If your field list consists of a single star, * (the wild-card character in SQL that represents all possible inputs), then the data set will be queried for the list of values used in the input data. All values the variable takes on will be valid; all values not used by the variable will not be valid. Keep in mind that this can present problems if there are errors in your input data set. In any case, using * may be useful when quickly assembling a first draft of a spec, but we recommend giving an explicit set of values for production. You may precede the * with a type designation, like age: real *.

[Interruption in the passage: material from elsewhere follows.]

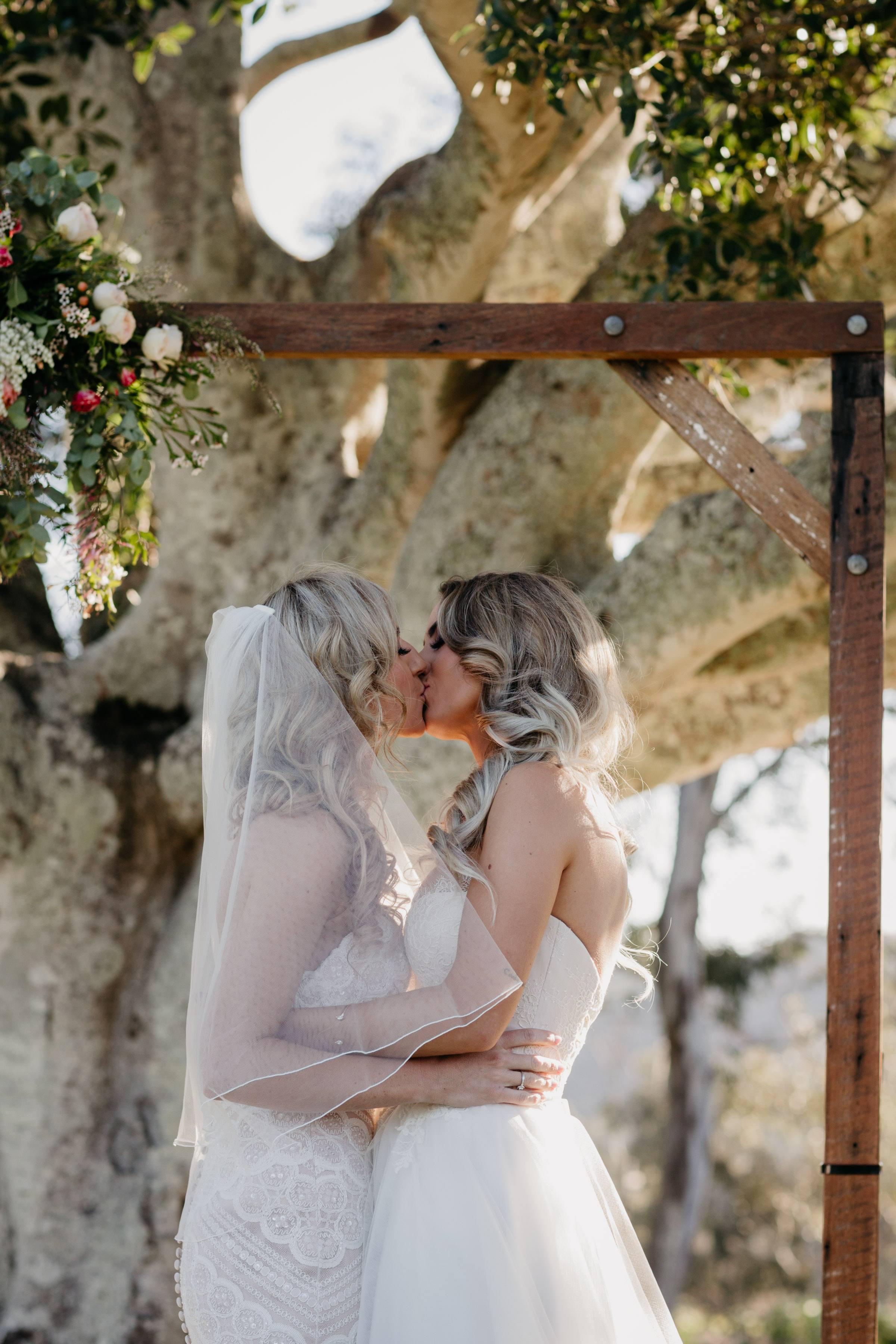 same sex wedding australia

As you know, it is often necessary to impute data points in separate categories given the distribution of the data. For this, we use the recodes key.

Recodes

In short, recode keys are just new variables that are deterministic functions of existing data sets based on parameters given by you, the analyst. Based on the variables specified in the fields key, you can "recode" those fields into other variables (which can be thought of as categories based on paramters given in a certain syntax. This is often necessary to ensure that you are imputing your data over an accurate distribution. Observe the following typical example of a recodes key:

recodes
CATAGE {
0 | age between 0 and 15
1 | age between 16 and 64
2 | age > 64
}

Here, we have declared a new variable CATAGE whose data points are based off of a deterministic function of the variable AGEP. As we will see later, this recode will be called in the categories key during imputation so that the data points we are attempting to impute will be imputed in categories based on their recode values rather than collectively as a single set of data points. The recodes key is fairly straightforward, although we will learn about some of its more advanced features later. For now, however, we continue our walkthrough of the spec file by discussing the checks key.

Checks

The conistency-checking system is rather complex. Ironically, this complexity is what makes the system efficient and reliable: there are typically a few dozen to a few hundred checks that every observation must pass, from sanity checks like fail if age < 0 to real-world constraints like fail if age < 16 and status='married'. Further, every time a change is made (such as by the imputation system) we need to re-check that the new value does not fail checks. For example, an OLS imputation of age could easily generate negative age values, so the consistency checks are essential for verifying that the imputation process is giving us accurate and useable data points. In addition to error checking we can also use consistency checks for other purposes, such as setting em structural zeros for the raking procedure.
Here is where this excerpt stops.